● Work instruction
When writing out the entries below, keep only the lines from the line with "지원 일관되게 이뤄져야…北" to the line with "Lucas Paquetá celebró", both included, exactly as they are, and leave the pictures aside.

● Entries supplied
---+---

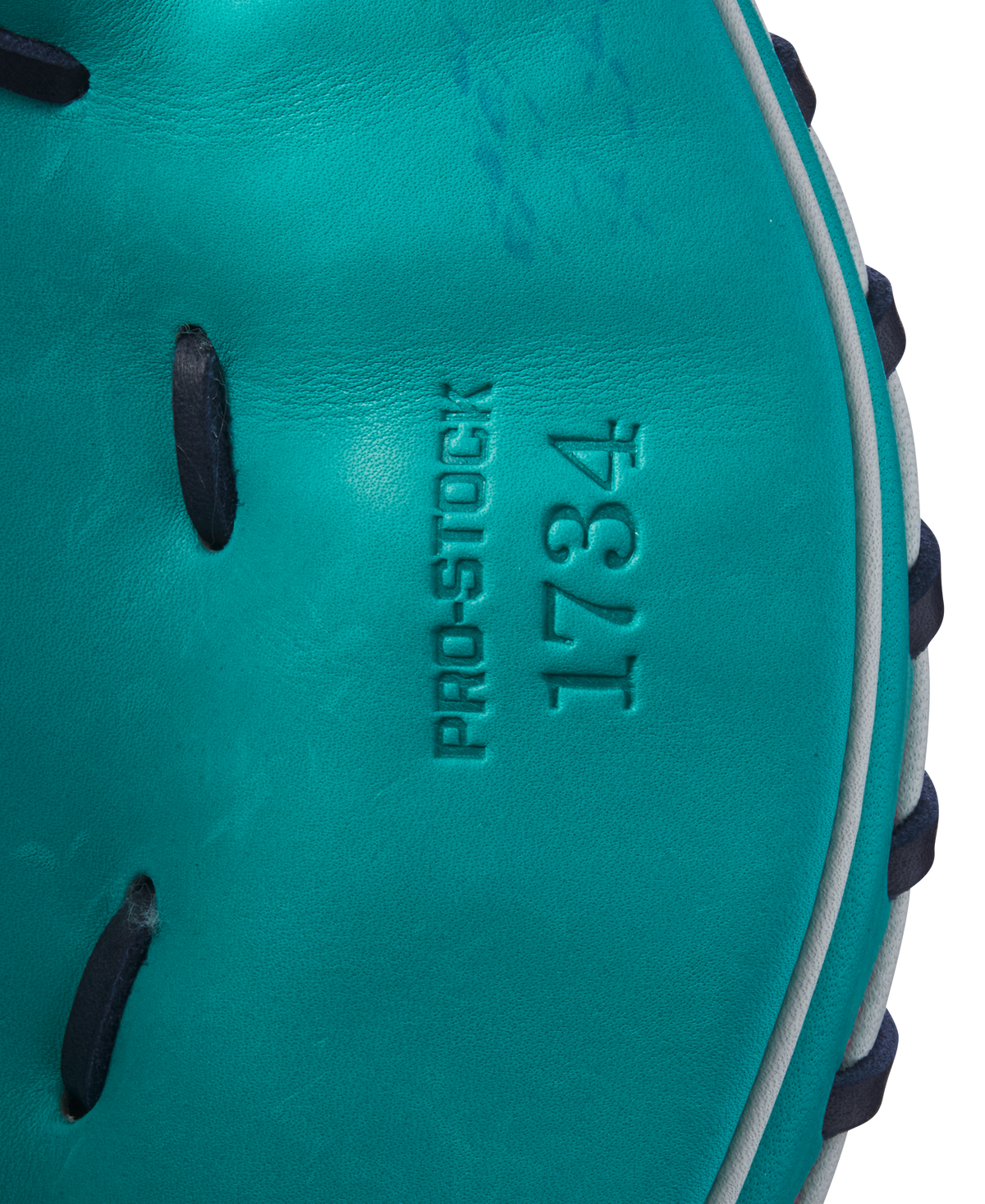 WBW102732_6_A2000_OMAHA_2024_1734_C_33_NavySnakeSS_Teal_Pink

---+---

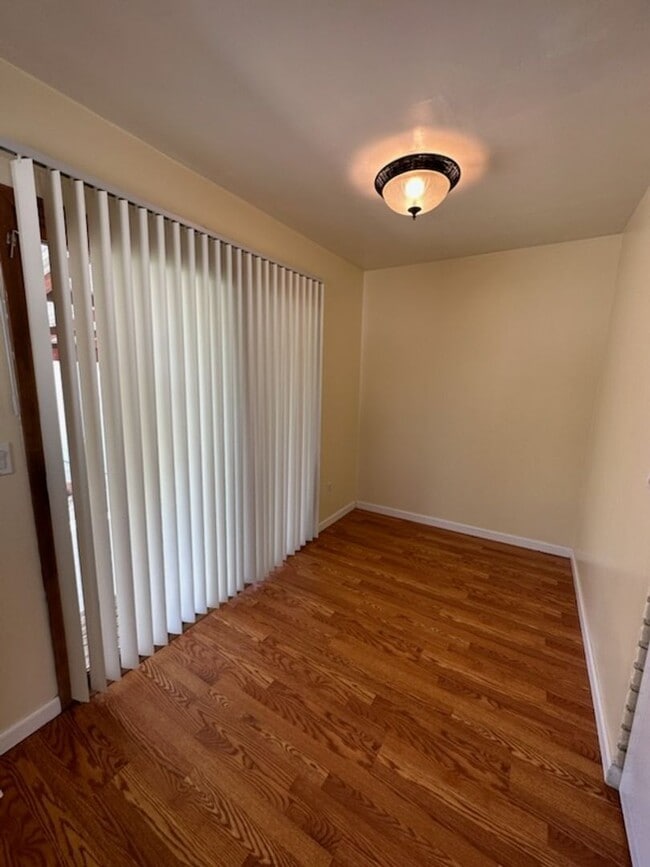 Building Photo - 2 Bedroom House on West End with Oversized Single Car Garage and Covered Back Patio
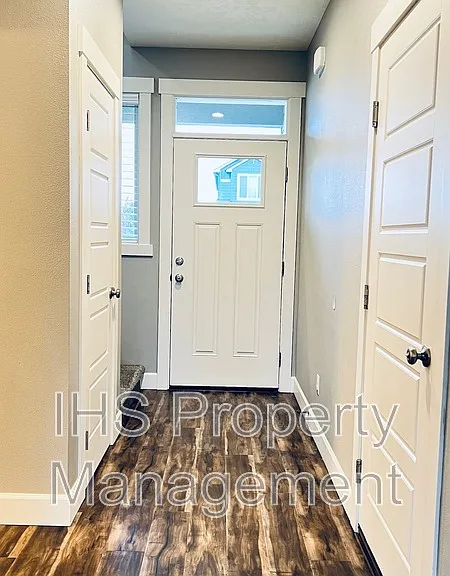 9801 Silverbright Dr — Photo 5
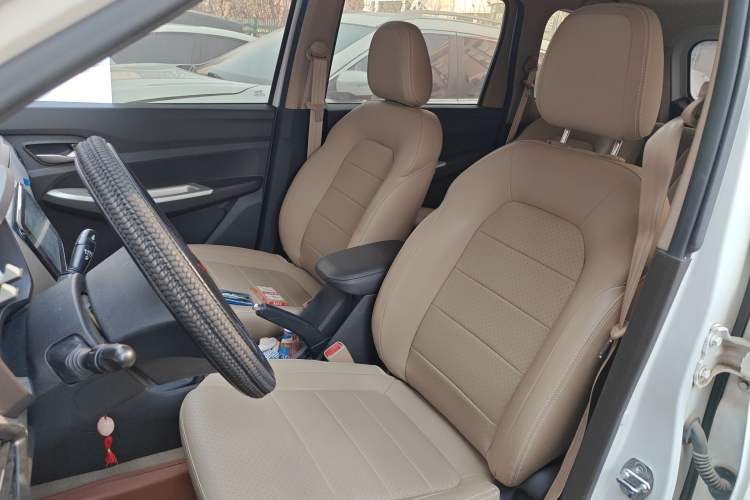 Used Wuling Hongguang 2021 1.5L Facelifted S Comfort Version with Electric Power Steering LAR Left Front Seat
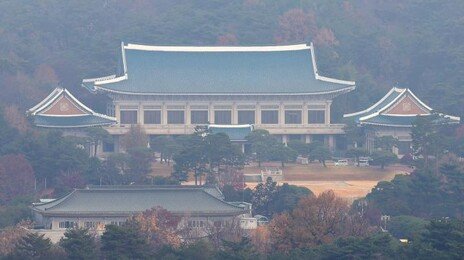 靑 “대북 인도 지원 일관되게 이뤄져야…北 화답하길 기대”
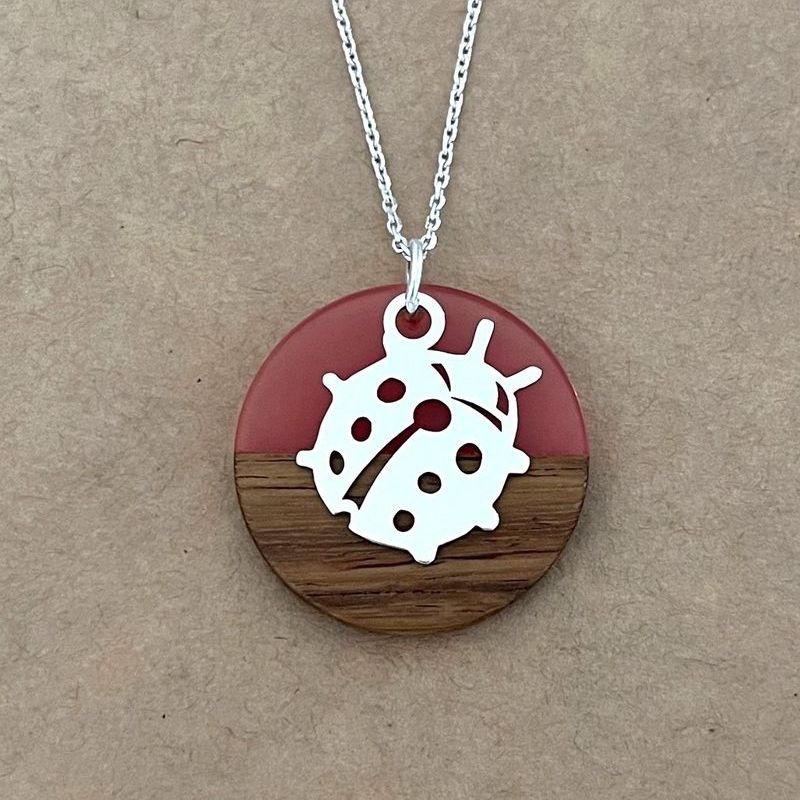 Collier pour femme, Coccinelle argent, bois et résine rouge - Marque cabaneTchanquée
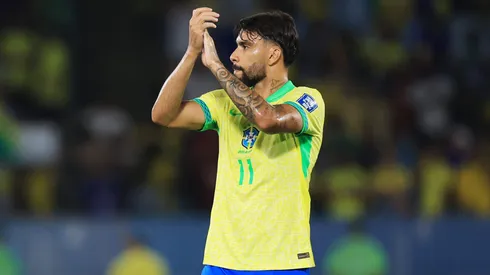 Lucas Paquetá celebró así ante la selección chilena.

---+---

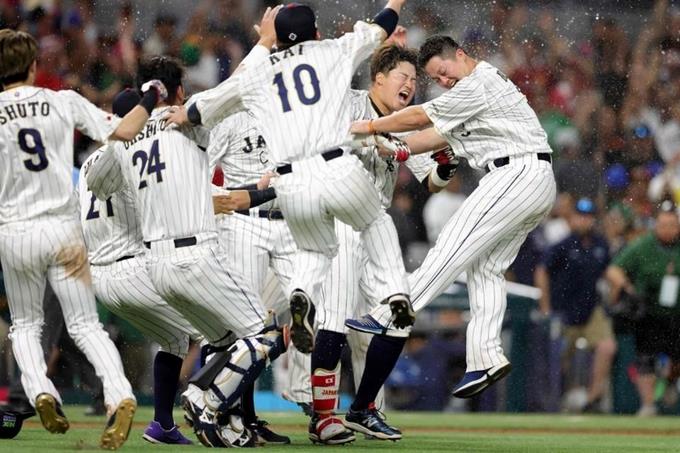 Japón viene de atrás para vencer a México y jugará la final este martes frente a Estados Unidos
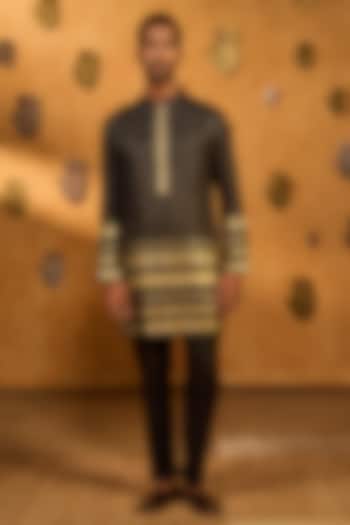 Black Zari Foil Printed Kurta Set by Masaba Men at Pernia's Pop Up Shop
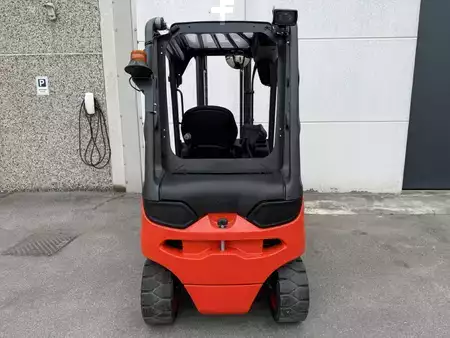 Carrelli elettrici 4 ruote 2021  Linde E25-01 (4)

---+---

● Worked solution
 靑 “대북 인도 지원 일관되게 이뤄져야…北 화답하길 기대”
 Collier pour femme, Coccinelle argent, bois et résine rouge - Marque cabaneTchanquée
 Lucas Paquetá celebró así ante la selección chilena.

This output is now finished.